Life, you know? That’s the only reason I can think of for not having written for lo these many months. That and my crazy work schedule, which has me working from 4 a.m. until noon most days. Which means getting up at 3 a.m. Which means going to sleep — or at least trying to — before 9 p.m. Factor in age-related issues, and getting six uninterrupted hours is nigh on impossible. I don’t look it as sleeping through the night as much as a series of naps.

But I digress.

There have been many issues during the interim that ordinarily would have compelled me to return to this site. If you read this blog, I don’t have to tell you about the continued assault on the media by the man in the High Castle, White House. I find small comfort in that now he’s attacking FOX along with the rest of the news outlets, simply because they actually reported that the polls were showing he might not have all the support he loves to claim.

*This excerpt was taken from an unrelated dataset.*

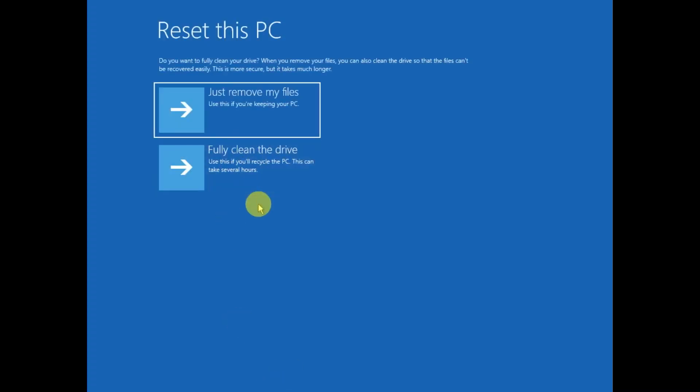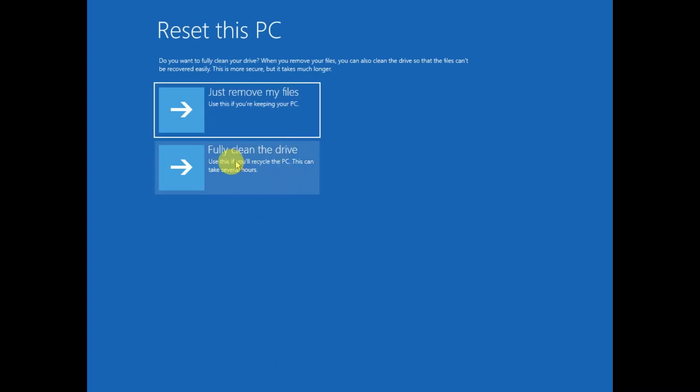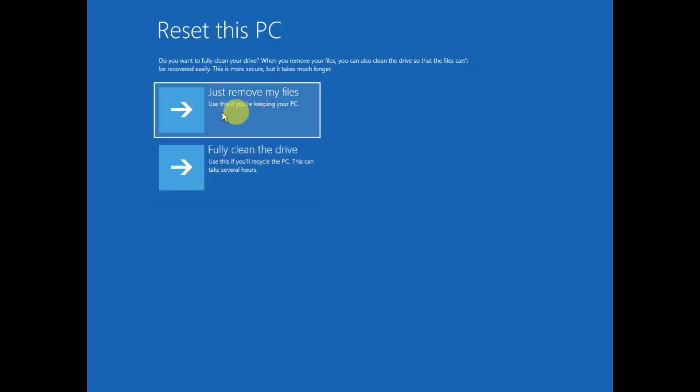Now you will see two options here: just remove my files and fully clean. This option fully clean will take more time, but if you want to sell it I recommend you to choose this option fully clean. And if you want to only just reset your files and data, you can choose this one.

You can stop after about the 3:30 mark. Or keep going for more ridiculous news about Trump on gun control and the economy.

Now understand, I don’t give a fig about FOX News. What I do care about are legitimate news organizations and their ability to proceed unimpeded, something that Trump continually tries to undermine.

So I could have come back to the ‘puter after any number of his attacks on the press. But what really knocked me out of my doldrums was a supplement in the Aug. 4 Sunday New York Times all about the “Dying Gasp of One Local Newspaper,” in this case the 121-year-old Warrod, MN, Pioneer. It reminded me a lot of my own situation a few years back with the New Jersey Jewish News, the major difference being that NJJN went on without the majority of the staff, having been taken over by the New York Jewish Week. We had our own tearful goodbyes, sans the bloody Marys.

I may be biased, but I think the NJJN was a better product before the takeover, both in terms of visual layout and editorial content. That applies to the website — the repository of the paper’s editorial history — as well. I recently tried to look for some of my articles on the site after the death of an author whom I had written about several times, but none of them were there; did I really write them if there’s no record?

The overall situation of small and not-so-small papers disappearing or be shaved down — including the Times which recently delivered three-section papers instead of the normal four during the week — is quite depressing. It reminded me of the scene in It’s a Wonderful Life in which Peter Bailey appears before the board of the Building and Loan Company his late father created.

(By the way, it still takes a long time for a working man (or woman) to save $5,000.)

Point is, we need these small-time institutions to serve as a source of information, rather than relying on just a few questionable sources.

One more thing that made me pick up my virtual pen was another item in today’s Times by David Streitfeld titled “Paging Big Brother: In Amazon’s Bookstore, Orwell Gets a Rewrite,” all about how counterfeit books wind up in circulation and how many consumers, looking to save a few bucks, might purchase these items to deleterious effect: they might believe these are the real deal, even though the language and perhaps even authors’ meanings have been altered. Talk about fake news!

My newly acquired Orwell shelf was frankly dismal — typos galore, flap copy lifted directly from Wikipedia, covers that screamed “amateur.”

The counterfeits and imports are generally the least expensive editions, and who can blame people for buying those? So they do. A $7.99 legitimate edition of “1984” was recently ranked at No. 72 among all Amazon books. A $5 Indian import was at No. 970, which suggested copies were selling at a steady clip.

So those knockoffs are screwing with my rankings??? Just think, take them out of the equation and 501 Baseball Books Fans Must Read before They Die, The Jewish Olympics: The History of the Maccabiah Games, and Hank Greenberg in 1938: Hatred and Home Runs in the Shadow of War might be in the top 10. No, really. Hey, stop laughing!

Anyway, I hope to be back with a little more regularity. Would love to hear from you to make sure I’m not just ranting into the wind.

On the internet, no one can hear you scream. Unless you’re doing audio/video. Then nevermind.